I used the docker image of 1.0.0 and encountered the same problem. Does this matter with the size of the image?Can i modify the parameters to solve?

AmazingSkyLine commented 3 years ago

I encountered the similar problem with 1.0.6 docker image on k8s. when I use dfget command to download files, and after the specific alivetime, the dfget server exit, but it's become a zombie process.

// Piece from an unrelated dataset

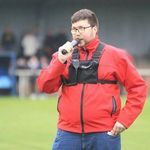 Patrick Paulick - @peddyp90 - Instagram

you can reproduce this problem just follow simple steps:

  1. dfget -u <some-file> --node <supernode-ip>:8002 -p p2p --totallimit 10G --locallimit 10G --alivetime 3s --expiretime 1s
  2. wait for 3s to dfget server exit
  3. use command top, a zombie process [dfget] spawns

following is the dfserver logs with default 5m alivetime and 3m expiretime:

cat /root/.small-dragonfly/logs/dfserver.log

2021-04-19 03:06:06.184 INFO sign:35-1618801566.184 : ********************
2021-04-19 03:06:06.184 INFO sign:35-1618801566.184 : start peer server...
2021-04-19 03:06:06.190 INFO sign:35-1618801566.184 : start peer server success, host:<ip>, port:61005
2021-04-19 03:06:06.190 INFO sign:35-1618801566.184 : monitor peer server whether is alive, aliveTime:5m0s
2021-04-19 03:06:06.190 INFO sign:35-1618801566.184 : start server gc, expireTime:3m0s
2021-04-19 03:06:06.191 INFO sign:35-1618801566.184 : update total limit to 8589934592
2021-04-19 03:06:49.576 INFO sign:35-1618801566.184 : update total limit to 8589934592
2021-04-19 03:09:51.203 INFO sign:35-1618801566.184 : server gc, delete file:/root/.small-dragonfly/data/<some-file>.service
2021-04-19 03:09:51.204 INFO sign:35-1618801566.184 : server gc, delete file:/root/.small-dragonfly/data/<some-file>.service
2021-04-19 03:11:49.651 INFO sign:35-1618801566.184 : no more task, peer server will stop...
2021-04-19 03:11:49.651 INFO sign:35-1618801566.184 : peer server is shutdown.